● **EXERCISE AIM**:
Skip all pictures. Set down only the lines starting at the line containing "Recently Sold: $245,000" and running to the end of the listing.

● **SOURCE MATERIAL**:
BEGIN
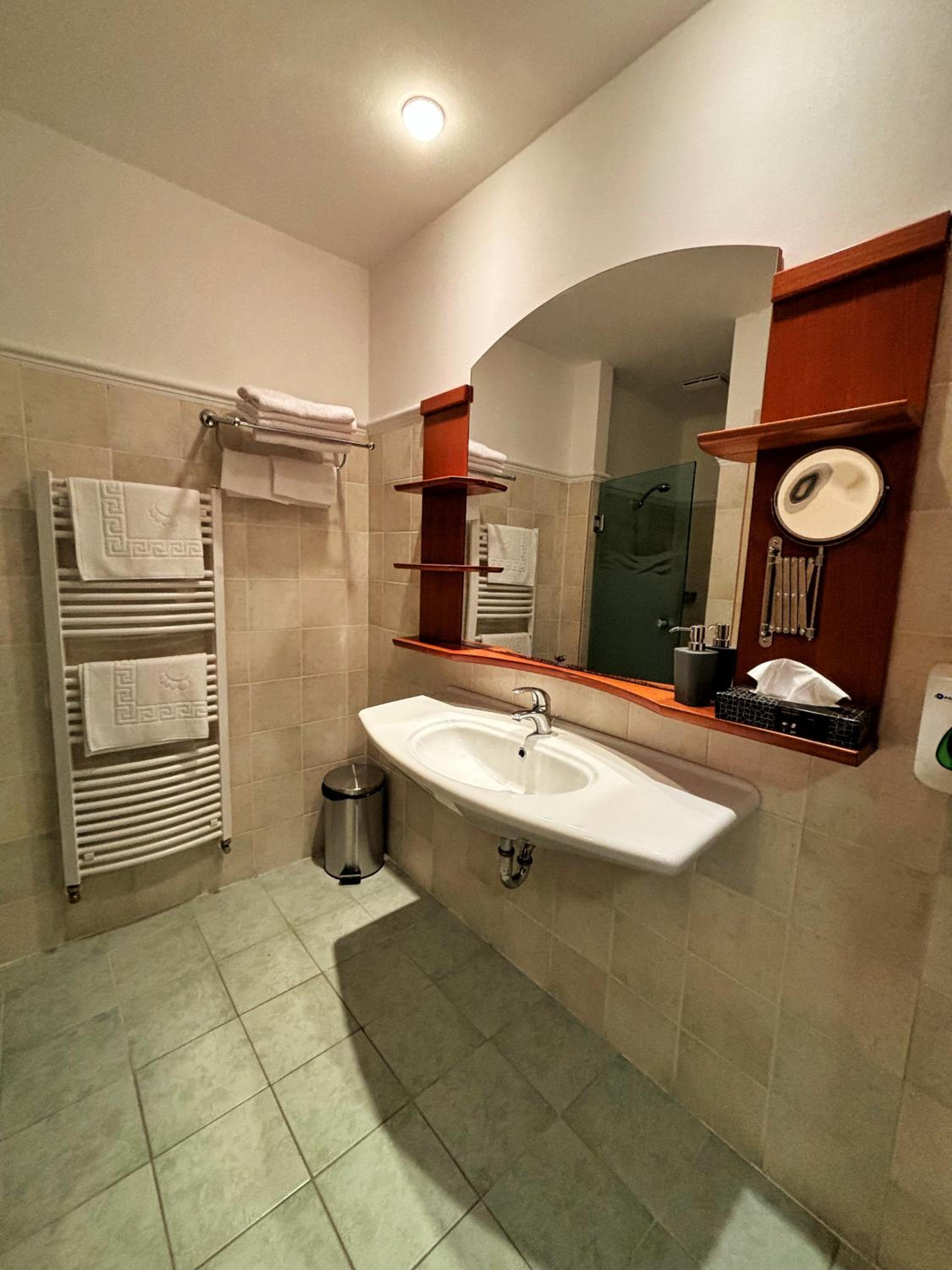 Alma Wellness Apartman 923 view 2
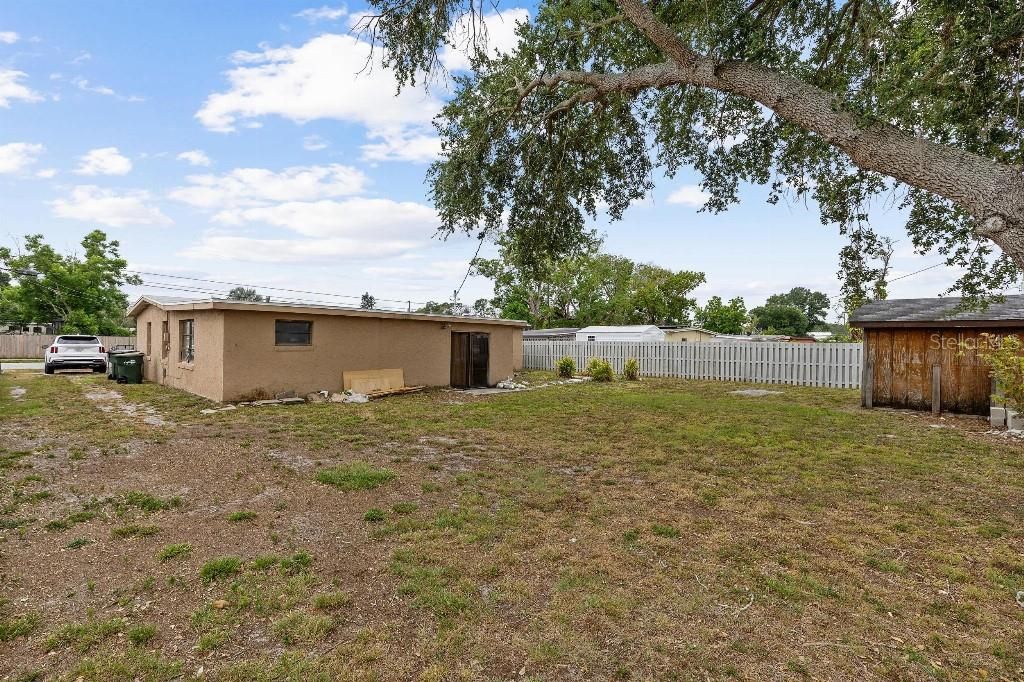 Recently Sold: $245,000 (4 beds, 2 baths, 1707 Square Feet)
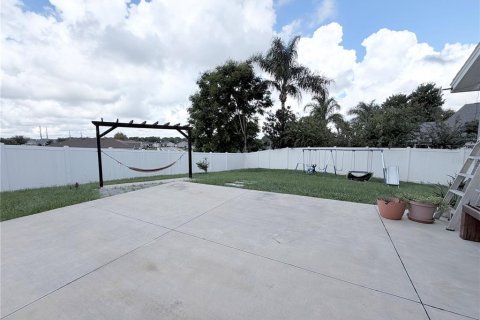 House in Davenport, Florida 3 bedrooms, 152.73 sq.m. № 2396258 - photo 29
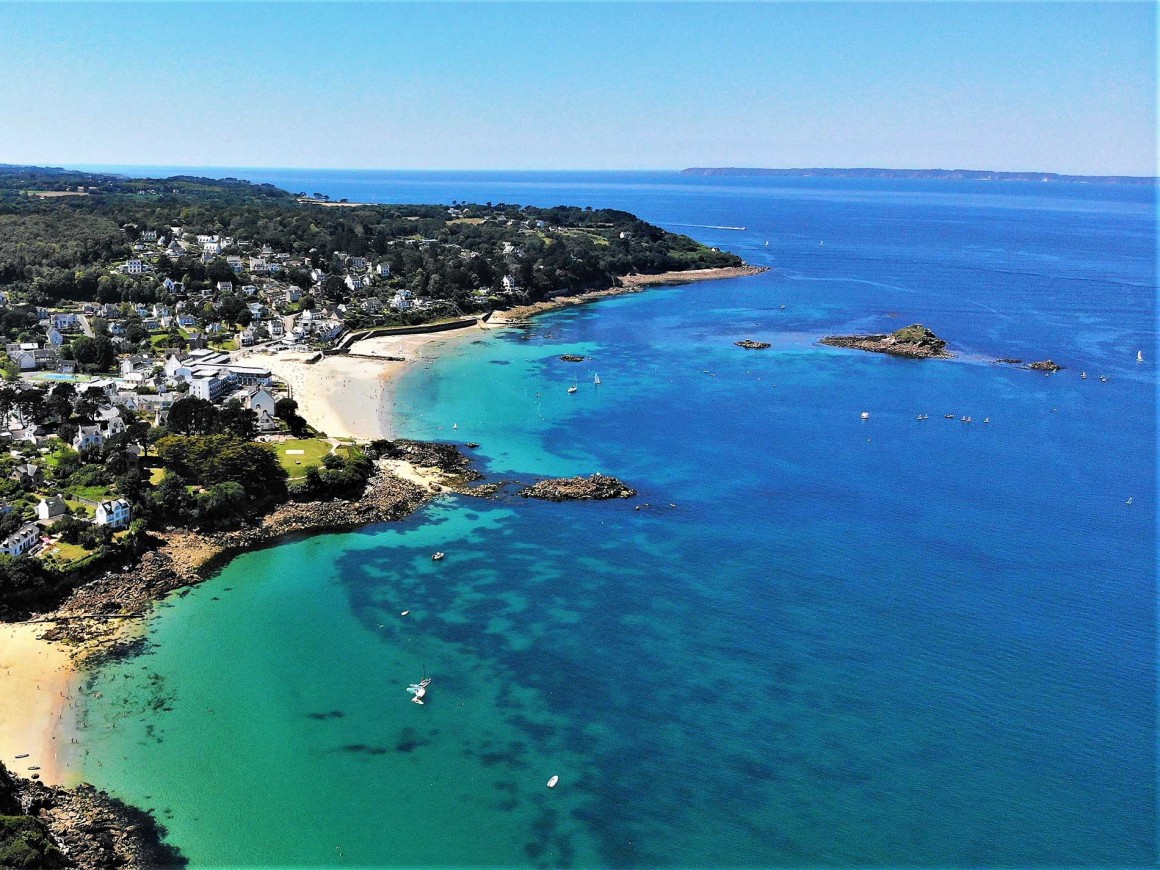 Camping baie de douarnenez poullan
END
● **TASK ANSWER**:
 Recently Sold: $245,000 (4 beds, 2 baths, 1707 Square Feet)
 House in Davenport, Florida 3 bedrooms, 152.73 sq.m. № 2396258 - photo 29
 Camping baie de douarnenez poullan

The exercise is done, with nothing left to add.